_Information provided_

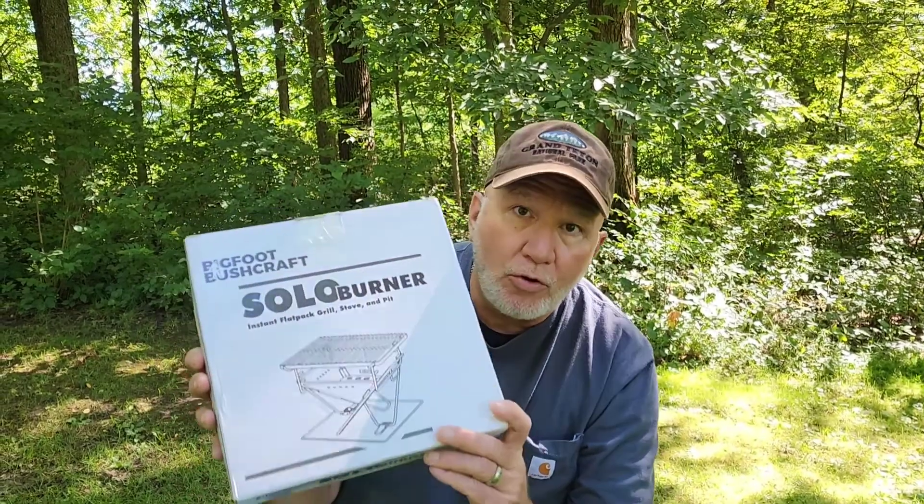Dan Williams, Survive Outdoors. Today we're going to do a review and an unboxing of a new portable wood stove by Bigfoot Bushcraft Solo Burner.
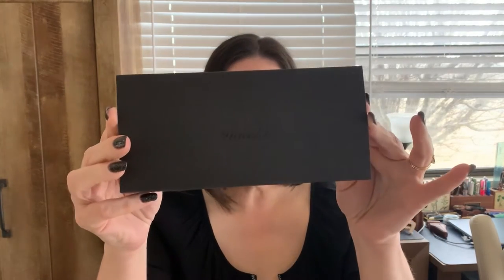Hey everybody, today I have a new pen to show you. It's a brand new color from Pinnider — the UR Avatar pen — and this version is called the Matte Black, which I'm really excited about because I saw the photos before the pen arrived and it's really beautiful. So let's go ahead and start unboxing this.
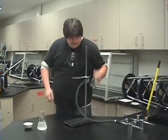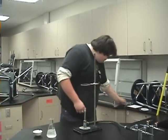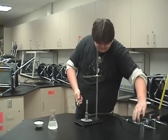Next thing is the Bunsen burner. Once you have the Bunsen burner attached, you put it here. Then take the striker and light the Bunsen burner after the gas is on.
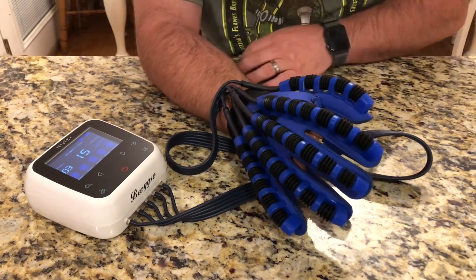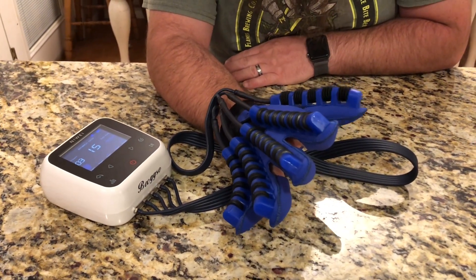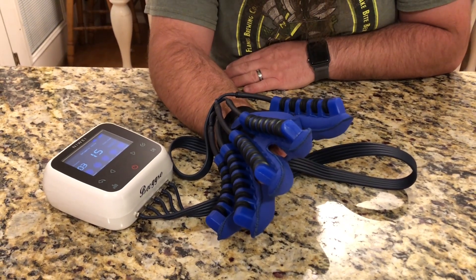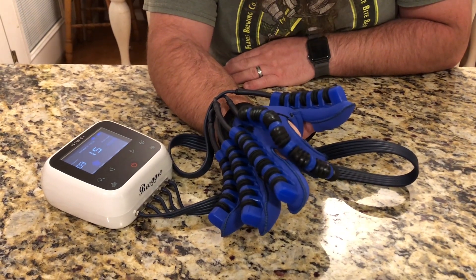Now I'm gonna try out the automatic cycle function. It's doing one finger and stretching all of them — it looks like it's just gonna cycle through my fingers automatically.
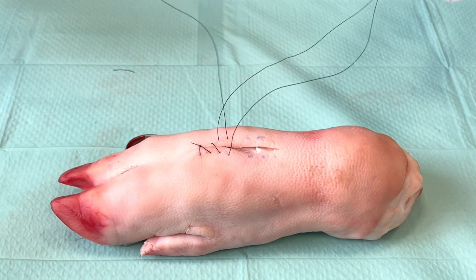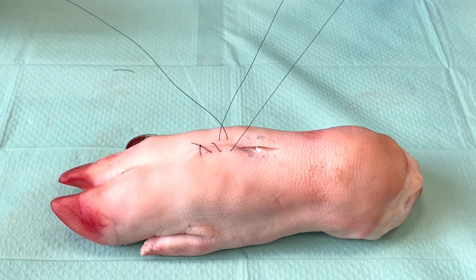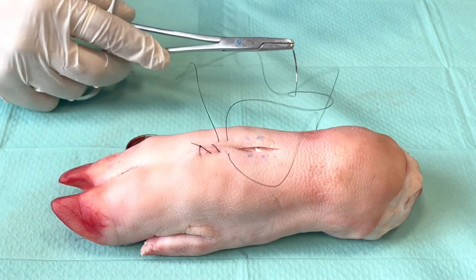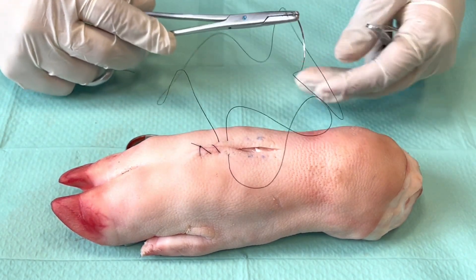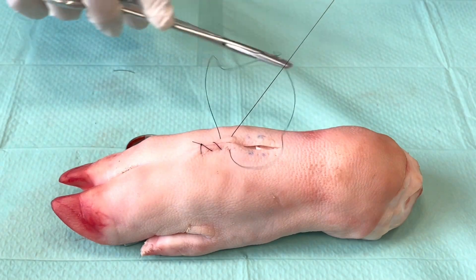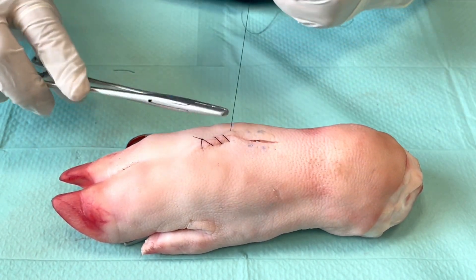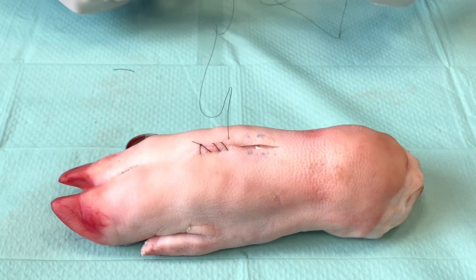I'd like to show you a difference between a simple continuous and a running locking suture. You saw how it got tangled up a little bit — you need to remember to come out on the right side of the suture loop so that you don't make a running locking stitch.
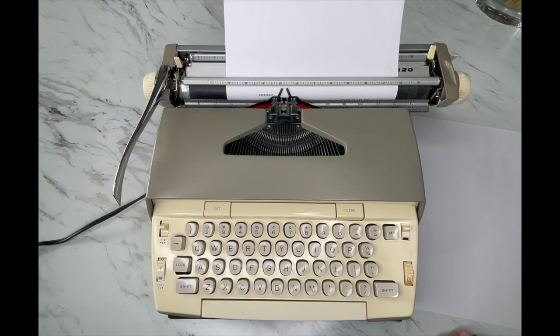That is how you use a 1960s Smith-Corona Electra 120. I hope you found this helpful. May you all have a blessed day — happy typing, have fun!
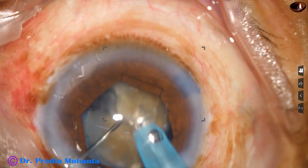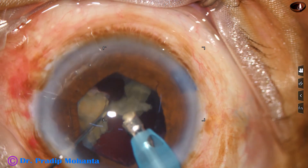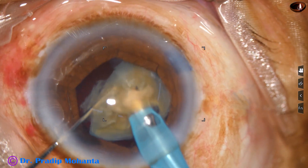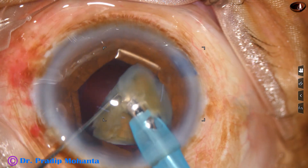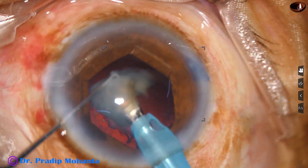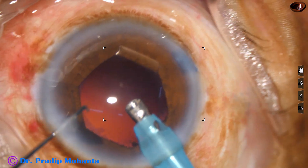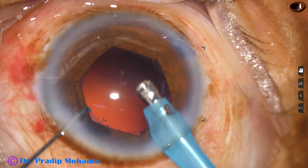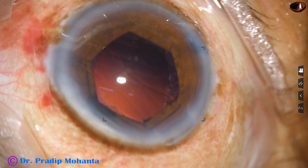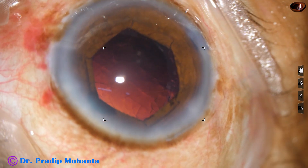With this small chopper I can manage this case because the technique is submarine chop. This is the last portion of the nucleus being emulsified. The last bit of the nucleus is managed in FECO 3 mode. From the beginning it was in FECO 2 mode where ultrasonic energy was 80%, flow rate 45, vacuum 450. During emulsification of the last piece it was vacuum 250, flow rate 25, and 70% ultrasonic energy.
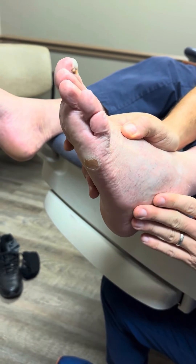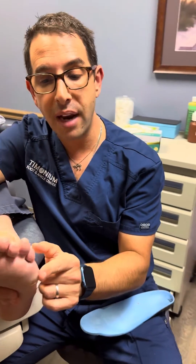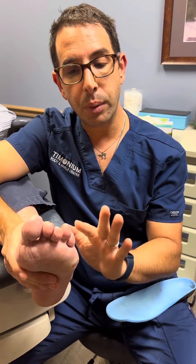This is a very hard condition to treat conservatively. When we treat things like this conservatively, we want to try to offload the area. The treatment for this is going to be to shave this callus down, which we did. If needed — we did not do this yet, and it doesn't look like we're going to need to at this point — we can always consider putting a dermal filler in here. But the main goal of this was to offload this.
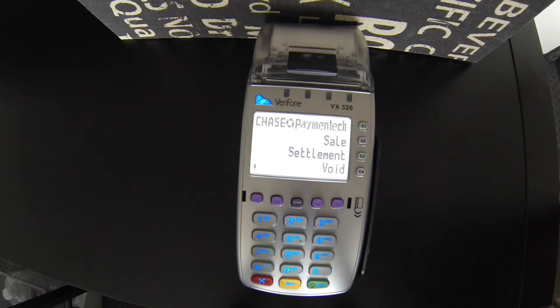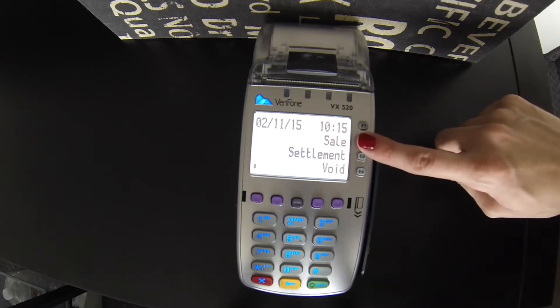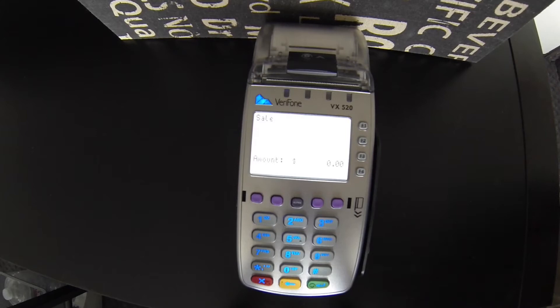Today I'm going to show you how to accept Apple Pay with the VX520. First, you will select F2 for sale. You put in the sale amount and select Enter, the green button at the bottom.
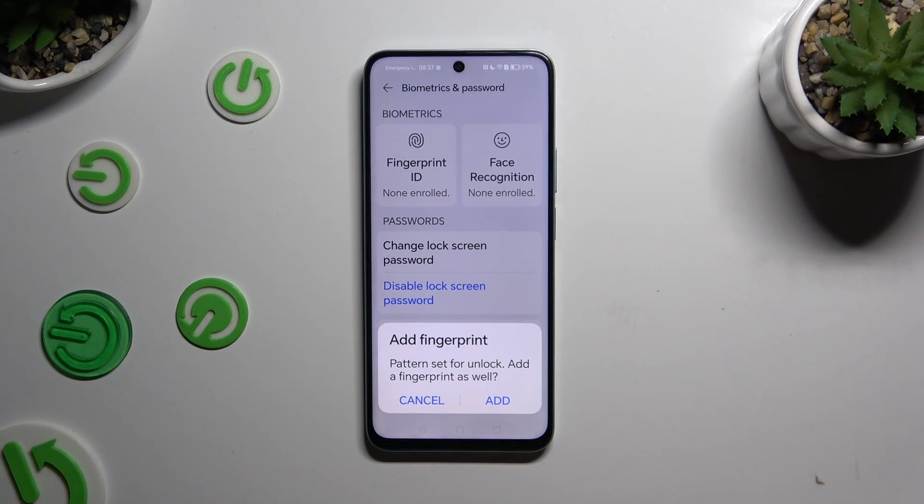If you wish to add your fingerprint right away, you can do that by selecting Add in the pop-up. If you don't, just click on Cancel.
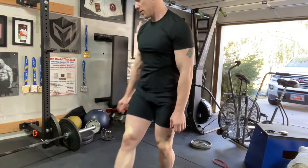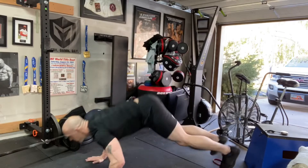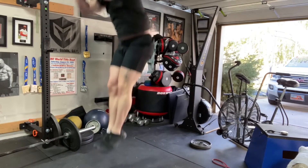With the burpee, I want chest to the ground and a six-inch jump — just like this — nice clap overhead, and you are done. Prison burpees.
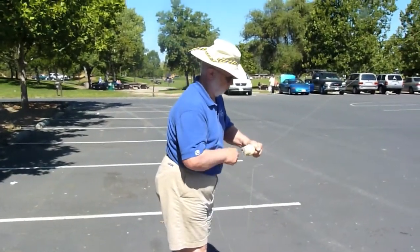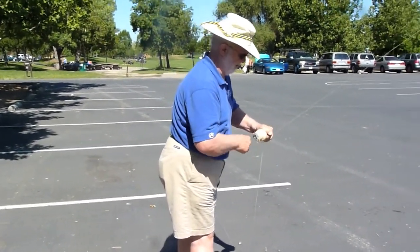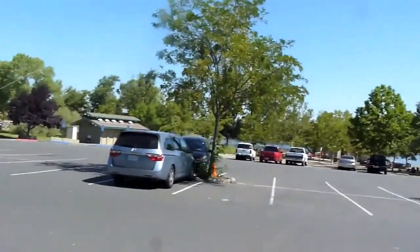We improvised a little bit in one of our snags. We took our glove off and used it to tie the line to. But we've still got a good amount of line out now.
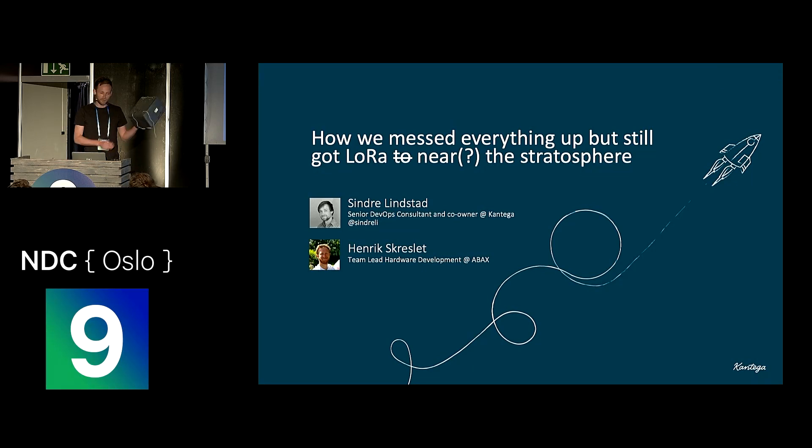My name is Sindra, and I'm here to talk about this thing. I made it with a friend of mine — his name is Henrik. He's not here today, but if you want to imagine what he looks like, he's got a big red beard. I'll show you some photos in a few slides.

_Exercise description_
Output all data exactly, omitting images.

_Your response_
Dan Williams, Survive Outdoors. Today we're going to do a review and an unboxing of a new portable wood stove by Bigfoot Bushcraft Solo Burner.
Hey everybody, today I have a new pen to show you. It's a brand new color from Pinnider — the UR Avatar pen — and this version is called the Matte Black, which I'm really excited about because I saw the photos before the pen arrived and it's really beautiful. So let's go ahead and start unboxing this.
Next thing is the Bunsen burner. Once you have the Bunsen burner attached, you put it here. Then take the striker and light the Bunsen burner after the gas is on.
Now I'm gonna try out the automatic cycle function. It's doing one finger and stretching all of them — it looks like it's just gonna cycle through my fingers automatically.
I'd like to show you a difference between a simple continuous and a running locking suture. You saw how it got tangled up a little bit — you need to remember to come out on the right side of the suture loop so that you don't make a running locking stitch.
That is how you use a 1960s Smith-Corona Electra 120. I hope you found this helpful. May you all have a blessed day — happy typing, have fun!
With this small chopper I can manage this case because the technique is submarine chop. This is the last portion of the nucleus being emulsified. The last bit of the nucleus is managed in FECO 3 mode. From the beginning it was in FECO 2 mode where ultrasonic energy was 80%, flow rate 45, vacuum 450. During emulsification of the last piece it was vacuum 250, flow rate 25, and 70% ultrasonic energy.
This is a very hard condition to treat conservatively. When we treat things like this conservatively, we want to try to offload the area. The treatment for this is going to be to shave this callus down, which we did. If needed — we did not do this yet, and it doesn't look like we're going to need to at this point — we can always consider putting a dermal filler in here. But the main goal of this was to offload this.
Today I'm going to show you how to accept Apple Pay with the VX520. First, you will select F2 for sale. You put in the sale amount and select Enter, the green button at the bottom.
If you wish to add your fingerprint right away, you can do that by selecting Add in the pop-up. If you don't, just click on Cancel.
With the burpee, I want chest to the ground and a six-inch jump — just like this — nice clap overhead, and you are done. Prison burpees.
We improvised a little bit in one of our snags. We took our glove off and used it to tie the line to. But we've still got a good amount of line out now.
My name is Sindra, and I'm here to talk about this thing. I made it with a friend of mine — his name is Henrik. He's not here today, but if you want to imagine what he looks like, he's got a big red beard. I'll show you some photos in a few slides.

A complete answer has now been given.